TASK PROMPT: Copy all lines holding the word "those" from the entries.

· · · · · · ·

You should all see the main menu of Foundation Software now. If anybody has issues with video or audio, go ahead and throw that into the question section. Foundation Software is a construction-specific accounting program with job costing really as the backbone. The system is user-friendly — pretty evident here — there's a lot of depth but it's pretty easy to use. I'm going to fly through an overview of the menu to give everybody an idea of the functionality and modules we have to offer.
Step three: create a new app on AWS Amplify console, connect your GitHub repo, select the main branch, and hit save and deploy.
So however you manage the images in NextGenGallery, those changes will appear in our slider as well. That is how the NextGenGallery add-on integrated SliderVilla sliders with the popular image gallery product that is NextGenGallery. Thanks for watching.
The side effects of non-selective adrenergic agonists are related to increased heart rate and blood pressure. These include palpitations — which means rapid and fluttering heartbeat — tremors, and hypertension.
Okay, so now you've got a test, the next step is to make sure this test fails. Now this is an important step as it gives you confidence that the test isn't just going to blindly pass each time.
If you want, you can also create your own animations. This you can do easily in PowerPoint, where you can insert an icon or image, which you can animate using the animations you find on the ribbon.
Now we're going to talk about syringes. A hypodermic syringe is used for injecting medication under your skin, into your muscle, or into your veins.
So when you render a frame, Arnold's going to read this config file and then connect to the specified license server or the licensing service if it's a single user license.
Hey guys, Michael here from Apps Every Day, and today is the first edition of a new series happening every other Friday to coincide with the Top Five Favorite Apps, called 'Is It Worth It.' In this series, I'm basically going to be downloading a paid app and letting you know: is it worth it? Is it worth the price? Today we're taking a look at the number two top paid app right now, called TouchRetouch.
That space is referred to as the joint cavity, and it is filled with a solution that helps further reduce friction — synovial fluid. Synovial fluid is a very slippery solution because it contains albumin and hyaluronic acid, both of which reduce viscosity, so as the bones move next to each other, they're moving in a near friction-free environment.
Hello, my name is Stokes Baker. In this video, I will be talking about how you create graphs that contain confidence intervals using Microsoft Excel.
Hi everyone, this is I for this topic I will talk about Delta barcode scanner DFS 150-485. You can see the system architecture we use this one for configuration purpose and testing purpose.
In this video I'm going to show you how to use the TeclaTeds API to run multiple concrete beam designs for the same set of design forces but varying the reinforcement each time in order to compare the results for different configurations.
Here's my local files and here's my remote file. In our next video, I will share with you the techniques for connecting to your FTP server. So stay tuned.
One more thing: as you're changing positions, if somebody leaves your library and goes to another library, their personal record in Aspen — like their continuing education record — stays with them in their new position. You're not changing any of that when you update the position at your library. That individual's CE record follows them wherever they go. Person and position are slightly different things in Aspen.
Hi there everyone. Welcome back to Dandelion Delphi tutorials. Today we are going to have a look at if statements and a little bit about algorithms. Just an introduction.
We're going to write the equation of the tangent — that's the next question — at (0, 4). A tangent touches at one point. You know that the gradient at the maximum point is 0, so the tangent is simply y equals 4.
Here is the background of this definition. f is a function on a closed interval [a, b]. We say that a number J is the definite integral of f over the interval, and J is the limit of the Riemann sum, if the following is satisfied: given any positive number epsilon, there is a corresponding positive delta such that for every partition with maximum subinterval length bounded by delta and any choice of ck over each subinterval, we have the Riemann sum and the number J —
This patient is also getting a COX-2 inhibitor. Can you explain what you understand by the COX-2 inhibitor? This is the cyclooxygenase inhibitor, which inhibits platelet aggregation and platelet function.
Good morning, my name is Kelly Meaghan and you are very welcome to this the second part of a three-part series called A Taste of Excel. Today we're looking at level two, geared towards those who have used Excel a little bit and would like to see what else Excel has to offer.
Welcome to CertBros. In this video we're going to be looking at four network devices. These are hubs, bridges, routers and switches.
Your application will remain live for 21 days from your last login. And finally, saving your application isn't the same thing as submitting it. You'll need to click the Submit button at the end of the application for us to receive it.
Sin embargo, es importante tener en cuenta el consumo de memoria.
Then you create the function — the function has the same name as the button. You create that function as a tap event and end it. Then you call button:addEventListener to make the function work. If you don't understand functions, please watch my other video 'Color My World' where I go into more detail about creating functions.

· · · · · · ·

WRITTEN ANSWER:
So however you manage the images in NextGenGallery, those changes will appear in our slider as well. That is how the NextGenGallery add-on integrated SliderVilla sliders with the popular image gallery product that is NextGenGallery. Thanks for watching.
Good morning, my name is Kelly Meaghan and you are very welcome to this the second part of a three-part series called A Taste of Excel. Today we're looking at level two, geared towards those who have used Excel a little bit and would like to see what else Excel has to offer.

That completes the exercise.